Conversas com estranhos
Será que a alegria e a vulnerabilidade andam de mãos dadas?
No ano passado, alguns meses depois do meu diagnóstico, quando ainda estranhava tudo, comprei um bilhete para o festival Being Gathering. Queria algo para almejar, para me desafiar: em um ano, iria estar suficientemente bem para ir acampar durante uma semana. Spoiler: estava, e fui.
O Being não é um festival típico. Não há publicidade, nem pessoas barulhentas a distribuir lixo promocional. A única coisa que te dão no portão é um tubo de plástico com uma tampa - um cinzeiro e, incrivelmente, não há beatas no chão (eu procurei!).
O espaço dá a impressão que alguém dedicou o seu tempo a acolher-nos, mas não em demasia - aqui a terra faz parte do ecossistema e as suas necessidades também são tidas em conta. Há esculturas e instalações loucas e lindas; algumas estão escondidas, e só as encontramos quando vagueamos por entre as árvores, outras estão à vista de todos, com luzes acesas, espetaculares. E depois há as casas de banho de compostagem.
Choveu nos primeiros dias e a terra ficou encharcada e lamacenta, verde e luxuriante.
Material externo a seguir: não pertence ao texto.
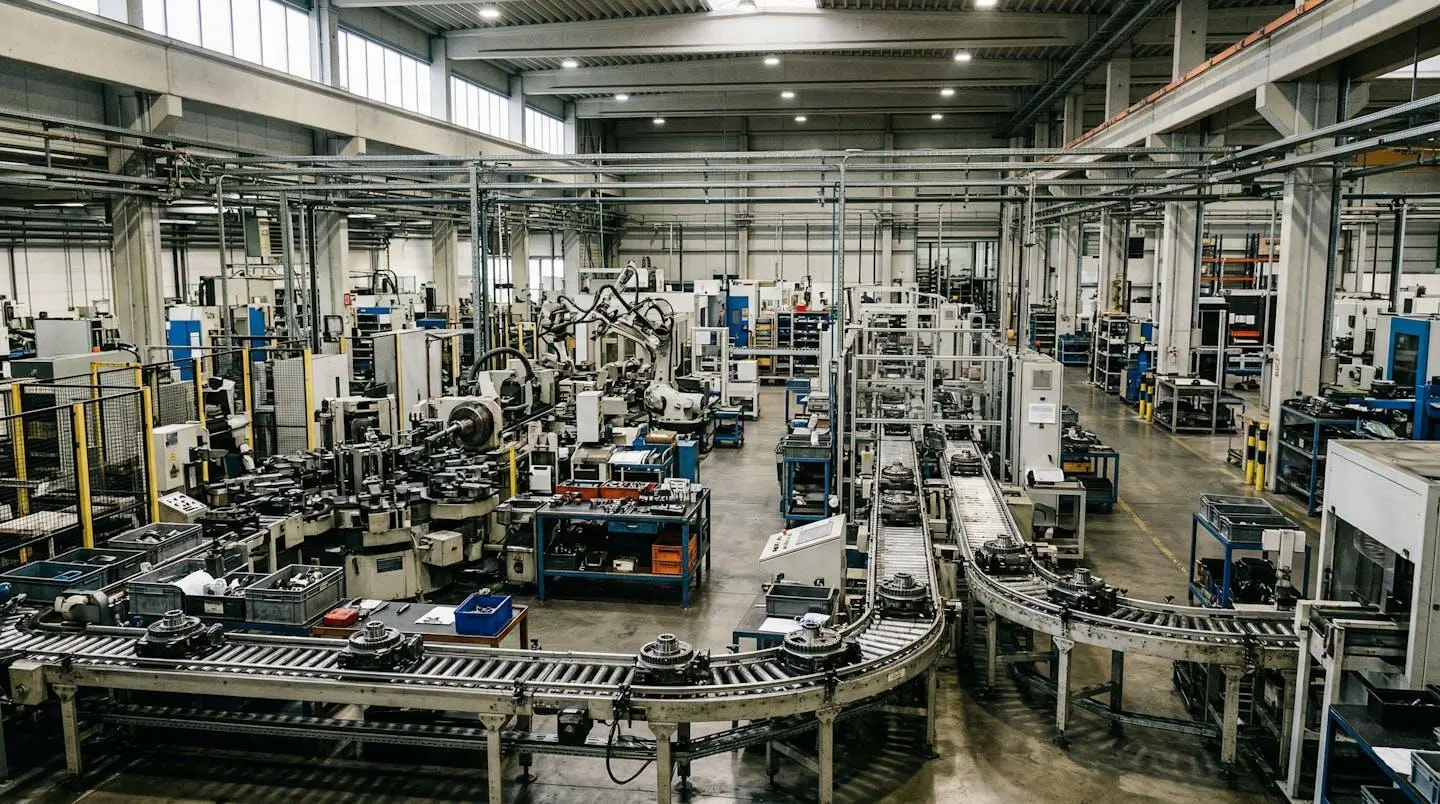 Vue d'atelier industriel avec machines de production en fonctionnement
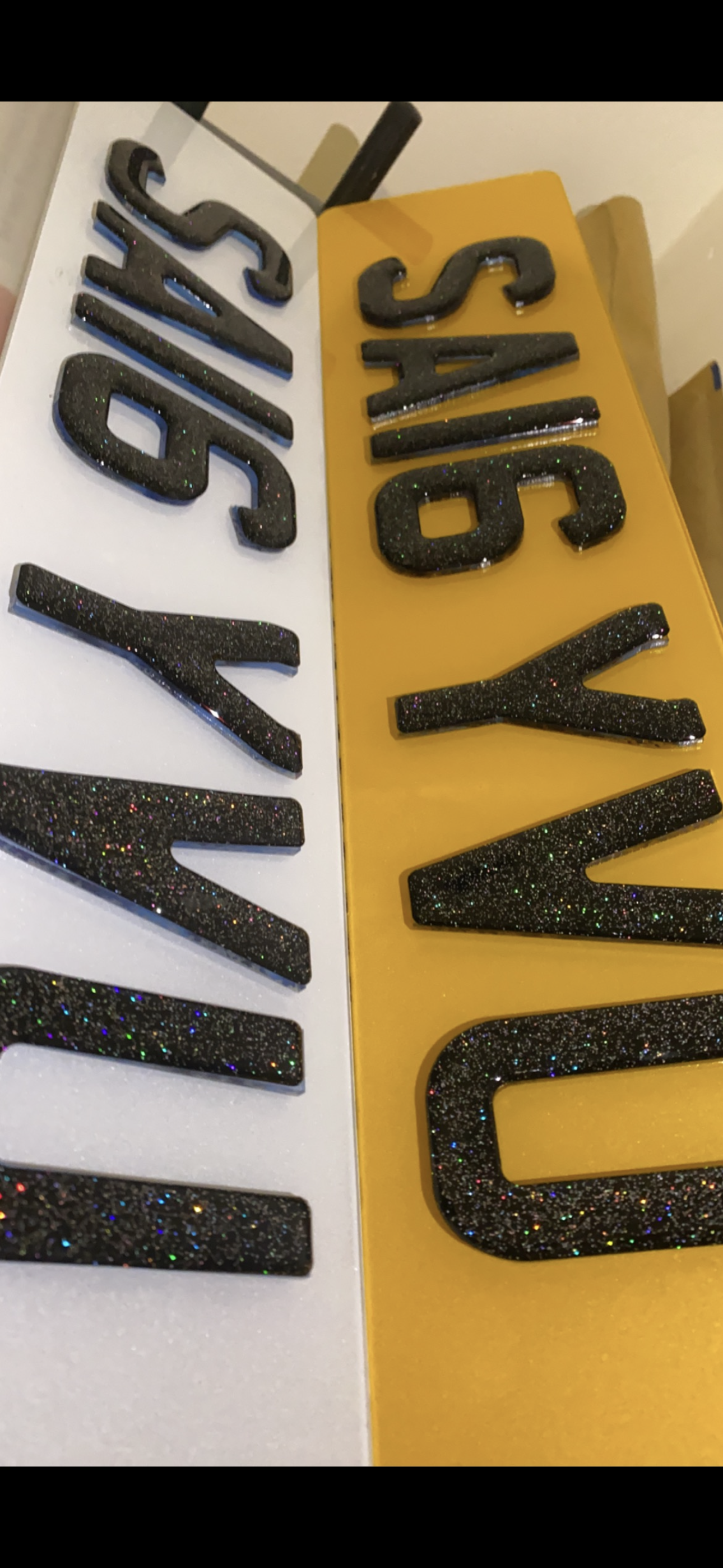 3D Glitter Number Plates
Numa paisagem que costuma ver calor e poeira, acolhi a chuva com gosto, mesmo quando fiquei acordada, sozinha na tenda, a ouvir o barulho da chuva no tecido, a ver os relâmpagos e a fazer a contagem decrescente para o som dos trovões.
Antes da chegada dos weekenders, senti como se estivesse em casa de amigos. As pessoas acenavam com a cabeça quando passavam, por vezes sorriam, mas quase sempre olhavam nos olhos. Se alguém metia conversa, a interação terminava muitas vezes com um abraço.
Neste lugar tudo parece possível, respira-se liberdade. A imagem mais emblemática são as pessoas de todas as idades a nadar nuas no lago. Aqui podemos seguir a corrente ou fazer o que nos apetece, podemos andar nus ou de fato de ski, e ninguém quer saber. Não há ninguém a dizer o que fazer ou o que não fazer, o que é incrível num festival com 3000 pessoas. Parece que esperam - e conseguem - um comportamento civilizado e respeito pelos outros e pela natureza.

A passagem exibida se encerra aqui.